I have stated on many occasions that the Dispensationalist approach to Scripture, if consistently applied, would eventually lead one away from Christianity altogether in favor of Christ-rejecting Judaism. Rodney J. Decker's latest article (Why Do Dispensationalists Have Such a Hard Time Agreeing on the New Covenant?) related to the September 2008 Council on Dispensational Hermeneutics, is a classic case in point. Decker has come to the conclusion that the church is not in covenant with God. Instead, Decker concludes, the new covenant is made only with the Christ-rejecting nation of Israel.
The disagreement between Dispensational and Covenantal Theology can be best solved by asking the following question. Whom shall we trust when it comes to the correct interpretation of Old Testament prophecy? Shall we trust the inspired writers of the New Testament, or should we trust Bible Baptist Seminary? Decker, Professor of NT and Greek at Bible Baptist Seminary, makes some surprising claims that put Dispensationalism clearly at odds with Scripture.
After assuming a priori that the Mosaic law has a "lack of legal standing in the church" (p.1), and that the fulfillment of the Davidic Covenant is yet future1 (p. 1 - see Acts 2:25-32), Becker ask a series of questions concerning the method of Bible exegesis. "Does the text determine our theology or does our theology determine our understanding of the text? How does our hermeneutical framework - our theological system- affect (and sometimes effect!) our exegetical conclusions? Which takes priority, text or theology? We all know the "correct" answer to such questions: the text must determine our theology." (p. 2). All good so far, but this approach dissolves into mere rhetoric once he begins to delve into Old Testament Prophecy. He writes, “If God does not fulfill the promises of the new covenant with Israel exactly as he promised and as the prophet understood God’s promise, the God has failed.” (p. 20). This statement clearly begs the question. Becker never tells us how we are to determine the way "the prophet understood God’s promise". What insight does he have into the mind of the Old Testament prophets? Does he have any more than Jesus, John, Peter, or Paul? By rejecting the New Testament fulfillment as the actual fulfillment, Becker has clearly let his theology determine his understanding of the text. In addition, the Dispensational hermeneutic fails to focus on all of Scripture as a story of Christ's redemptive work. It pits Scripture against Scripture, and focuses on Old Testament shadows instead of the substance in Christ. (John 1:45, John 5:46, John 8:56, etc.). Furthermore, if we were to apply Becker’s standard to the Messianic Prophecies of the Old Testament, we would become Judaist, who were blind leaders of the blind (Luke 6:39).

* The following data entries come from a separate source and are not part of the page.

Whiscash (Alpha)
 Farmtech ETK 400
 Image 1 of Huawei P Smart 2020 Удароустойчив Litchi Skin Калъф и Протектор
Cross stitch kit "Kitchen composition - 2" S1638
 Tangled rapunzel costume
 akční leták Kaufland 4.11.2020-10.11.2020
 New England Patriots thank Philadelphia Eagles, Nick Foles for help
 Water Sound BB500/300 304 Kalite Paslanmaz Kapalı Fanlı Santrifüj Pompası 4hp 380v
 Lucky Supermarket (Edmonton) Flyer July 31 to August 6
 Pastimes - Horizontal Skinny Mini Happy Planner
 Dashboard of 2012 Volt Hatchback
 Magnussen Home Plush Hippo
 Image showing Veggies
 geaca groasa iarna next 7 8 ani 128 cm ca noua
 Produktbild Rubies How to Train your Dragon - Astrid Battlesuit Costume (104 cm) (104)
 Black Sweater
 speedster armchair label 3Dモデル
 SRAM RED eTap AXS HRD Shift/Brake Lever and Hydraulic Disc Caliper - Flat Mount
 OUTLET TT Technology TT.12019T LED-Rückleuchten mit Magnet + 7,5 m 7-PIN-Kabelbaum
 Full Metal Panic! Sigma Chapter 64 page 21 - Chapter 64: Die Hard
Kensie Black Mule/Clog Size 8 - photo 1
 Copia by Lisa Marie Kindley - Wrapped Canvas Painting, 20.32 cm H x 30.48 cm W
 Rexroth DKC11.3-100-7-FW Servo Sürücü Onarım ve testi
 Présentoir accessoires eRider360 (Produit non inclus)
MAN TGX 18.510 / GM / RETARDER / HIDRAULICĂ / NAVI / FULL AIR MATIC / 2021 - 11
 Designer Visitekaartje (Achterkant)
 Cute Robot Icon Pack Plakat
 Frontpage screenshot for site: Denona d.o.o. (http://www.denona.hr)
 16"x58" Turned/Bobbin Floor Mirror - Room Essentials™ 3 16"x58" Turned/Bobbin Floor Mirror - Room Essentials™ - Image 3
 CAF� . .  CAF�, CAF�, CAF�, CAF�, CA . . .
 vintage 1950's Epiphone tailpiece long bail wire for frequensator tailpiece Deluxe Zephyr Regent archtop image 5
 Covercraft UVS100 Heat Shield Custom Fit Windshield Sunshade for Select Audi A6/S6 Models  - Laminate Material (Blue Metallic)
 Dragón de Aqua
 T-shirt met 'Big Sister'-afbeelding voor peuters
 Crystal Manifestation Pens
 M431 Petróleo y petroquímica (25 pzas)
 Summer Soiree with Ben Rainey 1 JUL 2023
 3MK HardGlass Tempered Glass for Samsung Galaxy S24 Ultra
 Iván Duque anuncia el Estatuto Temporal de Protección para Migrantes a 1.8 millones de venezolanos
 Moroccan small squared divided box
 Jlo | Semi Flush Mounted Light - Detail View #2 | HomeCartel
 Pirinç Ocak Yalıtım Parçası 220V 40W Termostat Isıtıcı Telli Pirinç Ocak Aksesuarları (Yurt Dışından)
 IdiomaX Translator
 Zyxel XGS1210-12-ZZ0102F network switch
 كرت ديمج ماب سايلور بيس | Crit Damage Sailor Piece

If nothing else, Decker should get props for consistency in terms of the new covenant in Dispensational theology. He also soundly refutes the modern "dual covenant" heresy propagated by John Hagee and others. Perhaps I can answer the question as to why Dispensationalists have such a hard time agreeing on the New Covenant. Because, contrary to Galatians 3:28, they insist on erecting racial walls in order to separate fleshly Israel from the Church. As such, they cannot figure out how to include both in the New Covenant. Like other dispensationalists, Decker cannot come to grips with the fact that there is no covenant without Christ, and there never has been. Thus Decker concludes, based on his flawed hermeneutic, that the New Covenant is made only with the present nation of Israel, not the church. However, he does suggest that the church participates in the blessing “in some way” (p. 19). He further defends the exclusion of the church from the New Covenant by boldly telling us that “...the church is never mentioned in the OT" (p. 17). Hmmm...
The redemptive work of Christ is the center of both the Old and the New Covenant, both covenants being made with the elect and them only. As for the correct interpretation of Old Testament Prophecy, why do we need to go any further than the interpretation given us in the New Testament? Indeed, Dispensationalism has been weighed in the balances and found wanting.
1 I give Becker the benefit of the doubt concerning this approach, as he was addressing fellow dispensationalist concerning his view of the new covenant. He didn't address Covenantal views, which I have done many times here.